戦争の過ちを二度と繰り返さないために
「九条の会さかい」発信 2021.10 No.55
喜四郎出陣式で感応する
多くの立候補者は自らの政治展望を披露したがるものである。一方で有権者はそのような期待は外れるものだとあきらめる。9年間の安倍菅政治は国民に諦観と無関心を植え付けた。
政治は結果責任を問われるものである。それ故、9年間の政治が国民にとって良かったのか悪かったのかを審判する。それが今度の選挙である。9月の当会報でもそれを呼び掛けた。
十月十九日朝、中村喜四郎は出陣式で集まった支援者に、まさにそれを語りかけた。民主的な政治が歪められたことをとくとくと語った。
コロナ対策ではPCR検査と水際対策の不手際さ。緊急事態措置と五輪パラ強行やGOTOトラベルのちぐはぐさ。アベノミクス成長絶対主義がもたらした過剰負債と富の偏在、その一方で貧困や格差の拡大。華々しい安倍外交の末路はプーチンに手玉に取られた北方領土交渉。解散権を弄んだアベノミクス解散、消費税上げない解散、国難突破解散。民主主義の根幹を揺るがす特定秘密保護法、集団安保法制、共謀罪法の国会強行採決。数の力を背景に国会軽視の言動。森加計桜疑惑の改ざん隠蔽虚偽答弁。

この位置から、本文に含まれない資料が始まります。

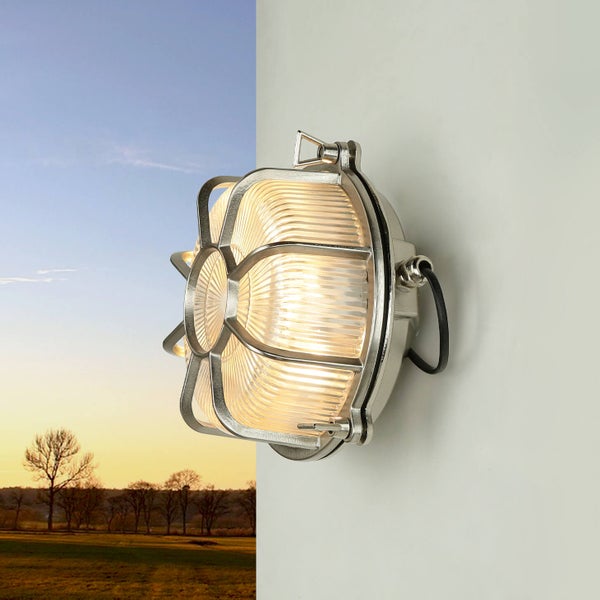 Marine Wandleuchte aus Metall und Glas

弱い野党にも一旦の責任ありと喜四郎は断じた。政治に失われた理性を取り戻すには「与野党伯仲」構図しかないとの確信が会場に響く。
なぜ野党に移ったのか!日本の役に立ちたい。苦境に立った時にも支援者がいてくれた。八方ふさがり選挙戦、7区に野党の旗を立てたい。権力に立ち向かう中村家の血がそれを押す。
政(まつりごと)正常化への願い
総選挙投票日が目前に迫る中、政治が正常な形で機能することを願わずにはいられない。健全で保守的な抑制を宿した政がこの9年間でことごとく軽視された。憲法に則った臨時国会が開かれず、我慢強い国会議論が尽くされず、改ざん隠蔽虚偽答弁で国会が空転した。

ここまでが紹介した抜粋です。